Robust Power Allocation in Covert Communication: Imperfect CDI

15 Jan 2019  ·  Forouzesh Moslem, Azmi Paeiz, Mokari Nader, Goeckel Dennis ·

The study of the fundamental limits of covert communications, where a transmitter Alice wants to send information to a desired recipient Bob without detection of that transmission by an attentive and capable warden Willie, has emerged recently as a topic of great research interest. Critical to these analyses is a characterization of the detection problem that is presented to Willie. Previous work has assumed that the channel distribution information (CDI) is known to Alice, hence facilitating her characterization of Willie's capabilities to detect the signal.
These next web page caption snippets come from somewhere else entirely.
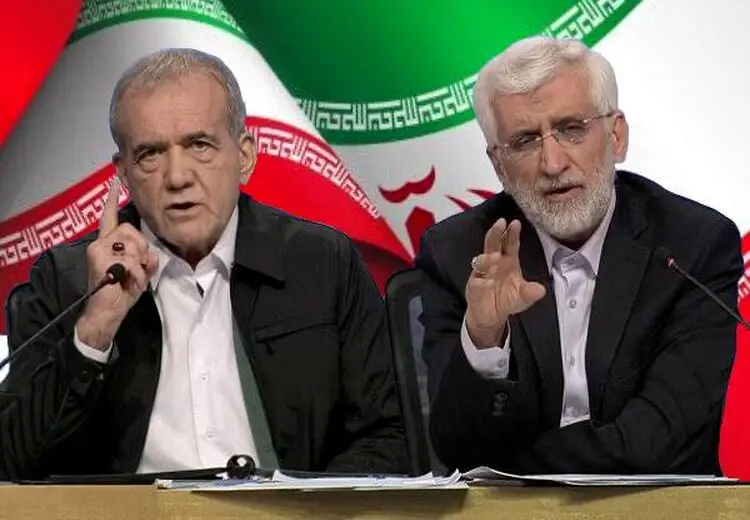 
سوال پزشکیان از جلیلی: من که برنامه‌ای برای افزایش قیمت بنزین ارائه نداده‌ام اما شما بگویید آیا بنزین پس از اجرای طرح «وان» در دولت شما کمتر از ۶۰ هزار تومان است؟
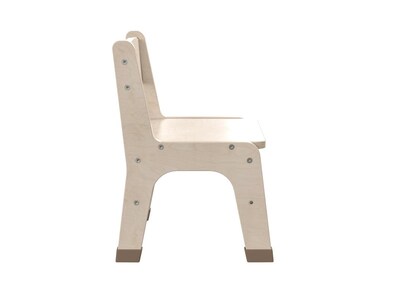 Flash Furniture Bright Beginnings Wooden Classroom Chair, Brown, 2 Pieces/Set (MK-KE24435-GG)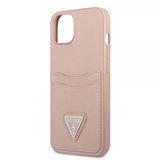 Guess iPhone 13 Mini Cover Saffiano Double Cardslot Rosa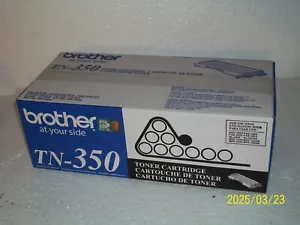Original OEM brother TN-350 TN350 Black Toner Cartridge HL-2040 HL-2070 MFC-7220 - Picture 1 of 2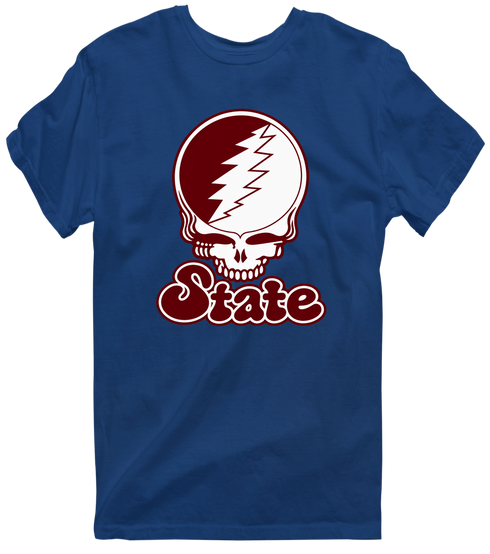 Missouri Stealie Premium Unisex T-Shirt — Design: Missouri State University — Navy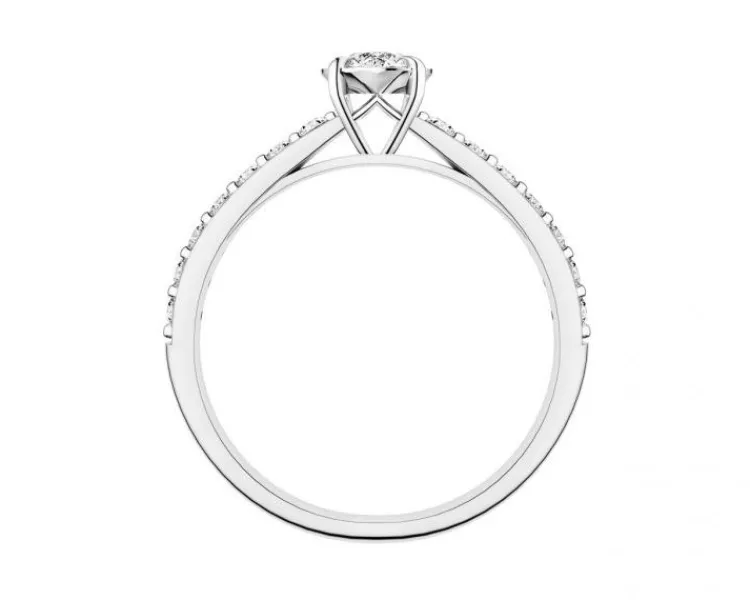 Hot Apart Pierścionek z białego złota z brylantami - 0,51 ct - próba 585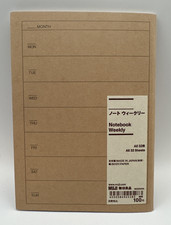 Muji A6 Weekly Notebook - Undated - approx 4.24x5.72" - 32 A6 Sheets
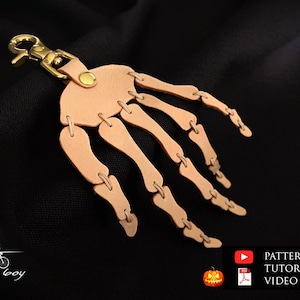 Leather halloween toy pattern - leather pattern pdf - leather key chain pattern - leather diy - download pdf
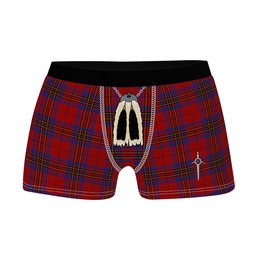 ScotsTee Shop Scottish Leslie Red Clan Highland Kilt Sporran Tartan Boxer Briefs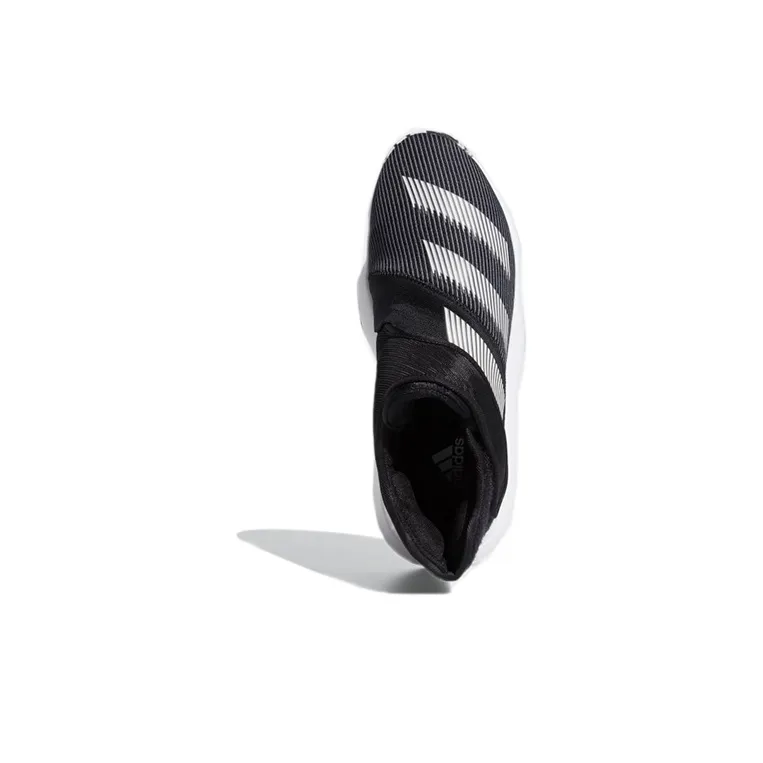 Adidas Harden B/E 3 Wear-Resistant Low-Top Vintage Basketball Shoes Men's Black White-4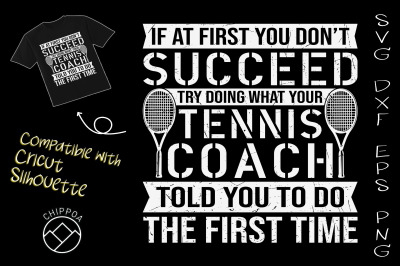 Try Doing What Your Tennis Coach Told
However, in practice, Willie tends to be passive and the environment heterogeneous, implying a lack of signaling interchange between the transmitter and Willie makes it difficult if not impossible for Alice to estimate the CDI exactly and provide covertness guarantees. In this paper, we address this issue by developing covert communication schemes for various assumptions on Alice's imperfect knowledge of the CDI: 1) when the transmitter knows the channel distribution is within some distance of a nominal channel distribution; 2) when only the mean and variance of the channel distribution are available at Alice; 3) when Alice knows the channel distribution is complex Gaussian but the variance is unknown. In each case, we formulate new optimization problems to find the power allocations that maximize covert rate subject to a covertness requirement under uncertain CDI. Moreover, since Willie faces similar challenges as Alice in estimating the CDI, we investigate two possible assumptions on the knowledge of the CDI at Willie: 1) CDI is known at Willie, 2) CDI is unknown at Willie. Numerical results are presented to compare the proposed schemes from various aspects, in particular the accuracy and efficiency of the proposed solutions for attaining desirable covert system performance.